[Supplied material]
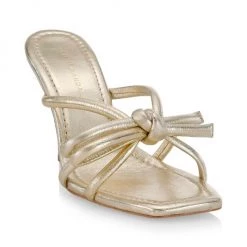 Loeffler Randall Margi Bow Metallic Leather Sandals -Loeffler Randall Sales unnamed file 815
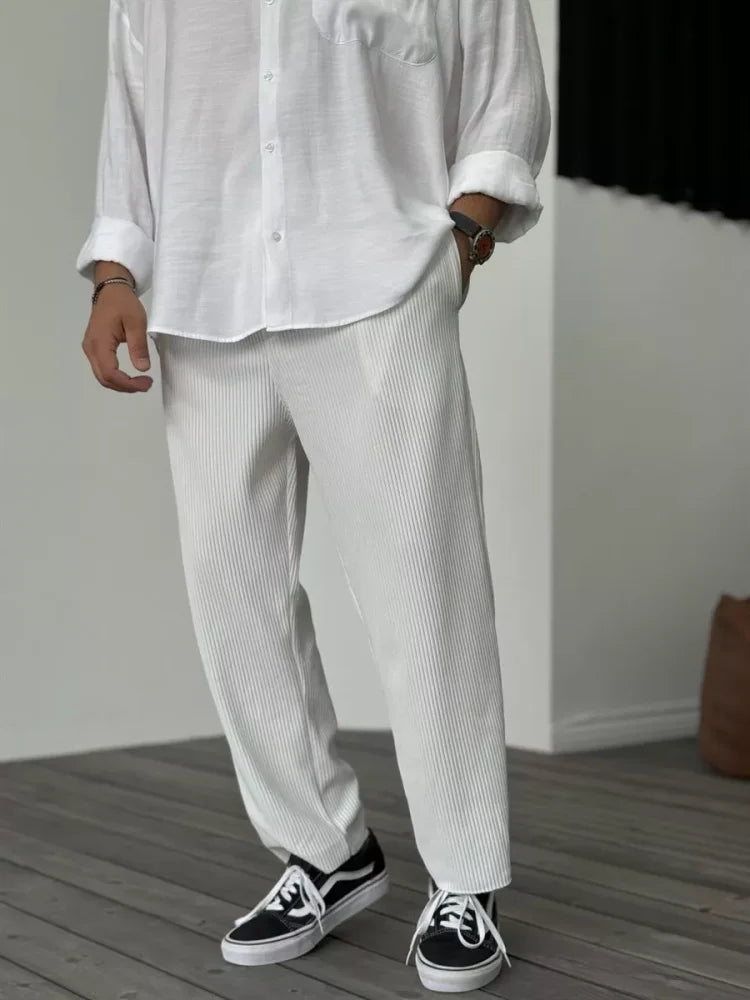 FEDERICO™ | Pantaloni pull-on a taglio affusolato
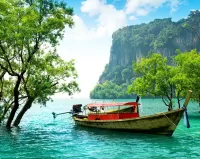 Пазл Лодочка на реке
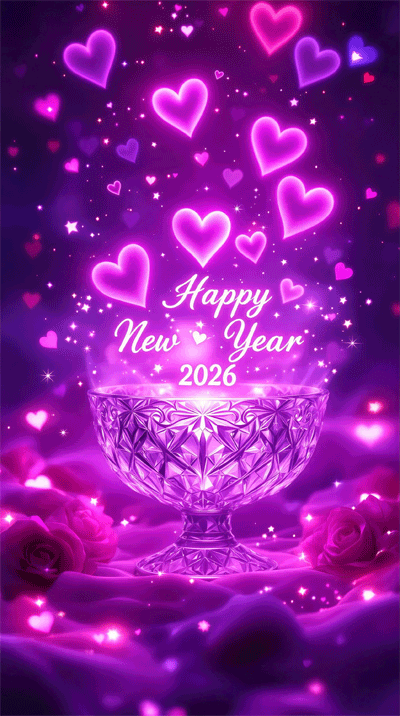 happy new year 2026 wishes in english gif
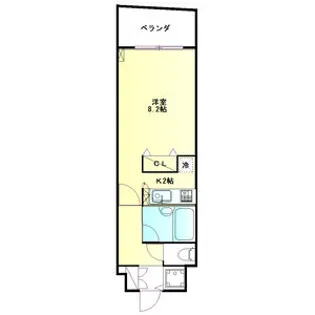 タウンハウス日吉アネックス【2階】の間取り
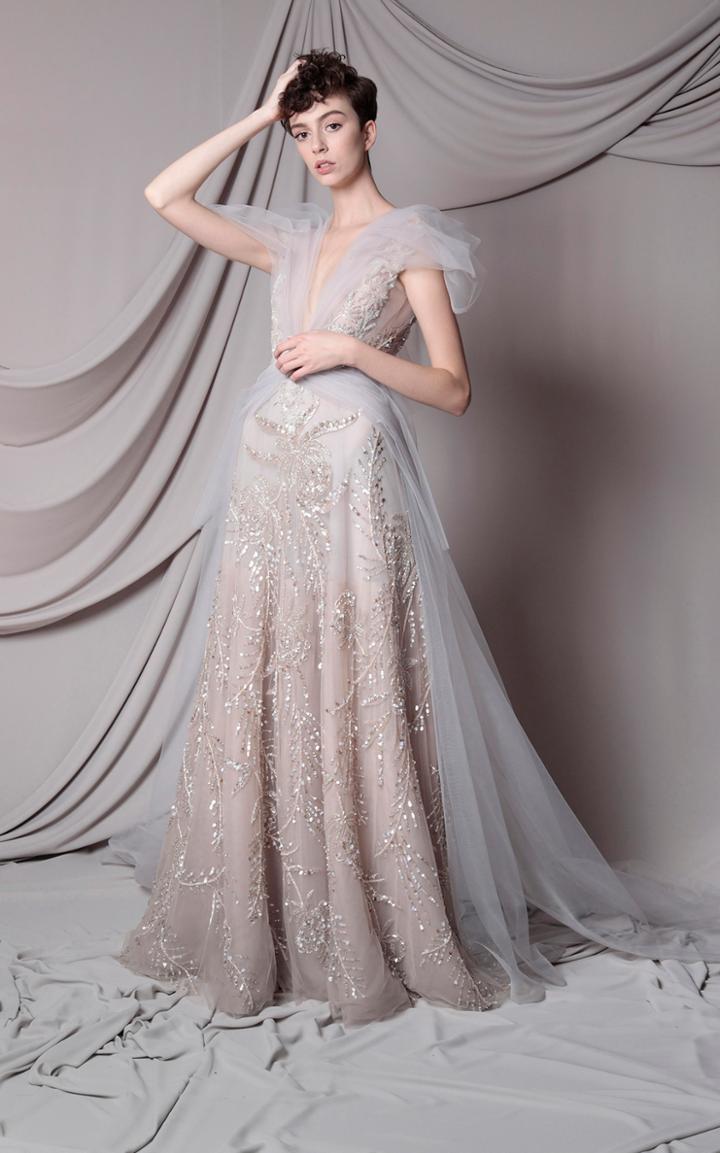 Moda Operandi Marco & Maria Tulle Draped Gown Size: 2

---

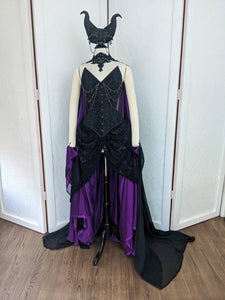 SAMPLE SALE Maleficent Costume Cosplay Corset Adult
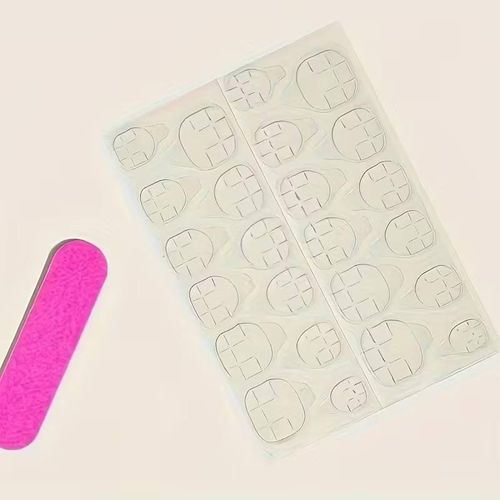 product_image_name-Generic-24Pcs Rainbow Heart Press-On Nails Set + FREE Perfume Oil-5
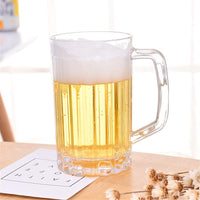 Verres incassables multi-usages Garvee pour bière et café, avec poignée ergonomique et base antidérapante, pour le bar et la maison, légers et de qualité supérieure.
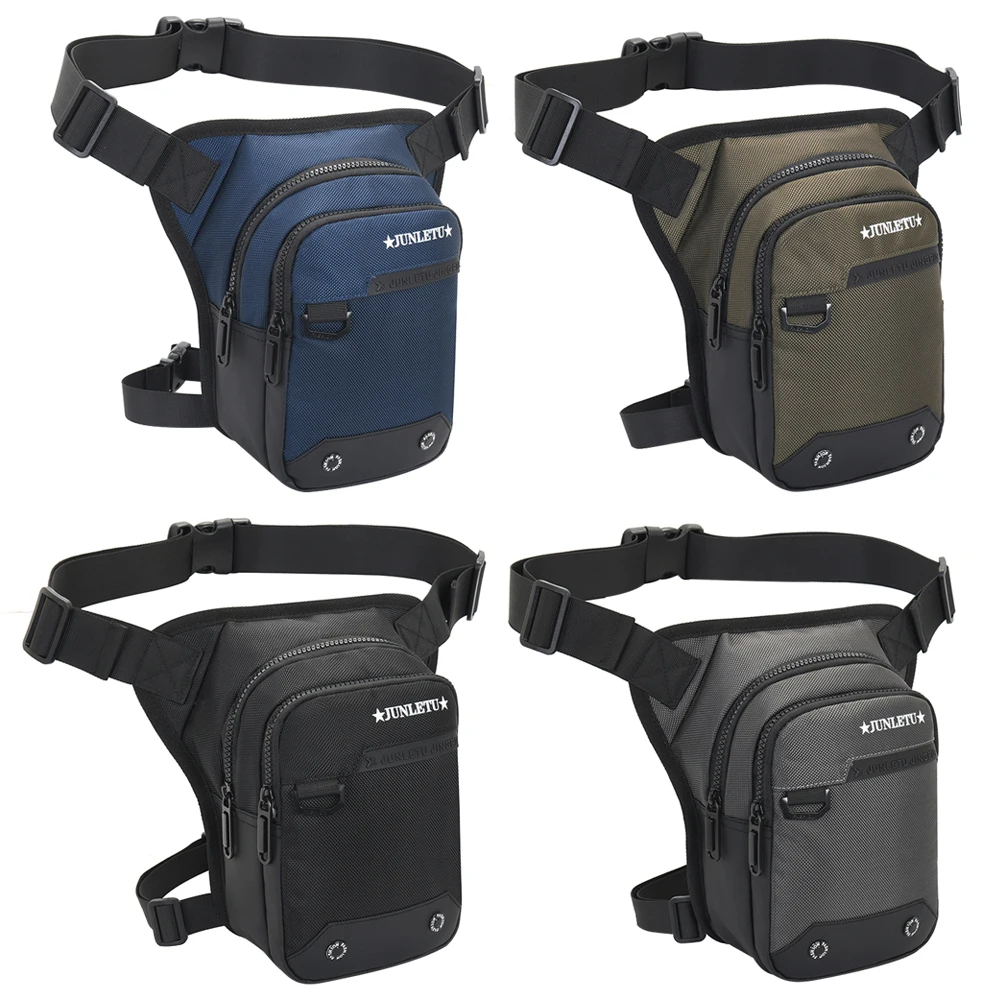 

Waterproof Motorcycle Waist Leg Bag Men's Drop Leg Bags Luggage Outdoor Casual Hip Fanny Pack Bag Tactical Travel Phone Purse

[What is expected] In the listing above, find the line holding "FEDERICO™ | Pantaloni" and the line holding "Moda Operandi Marco". Reproduce those two lines and all between them exactly, leaving out pictures.

[Solution to this task]
 FEDERICO™ | Pantaloni pull-on a taglio affusolato
 Пазл Лодочка на реке
 happy new year 2026 wishes in english gif
 タウンハウス日吉アネックス【2階】の間取り
 Moda Operandi Marco & Maria Tulle Draped Gown Size: 2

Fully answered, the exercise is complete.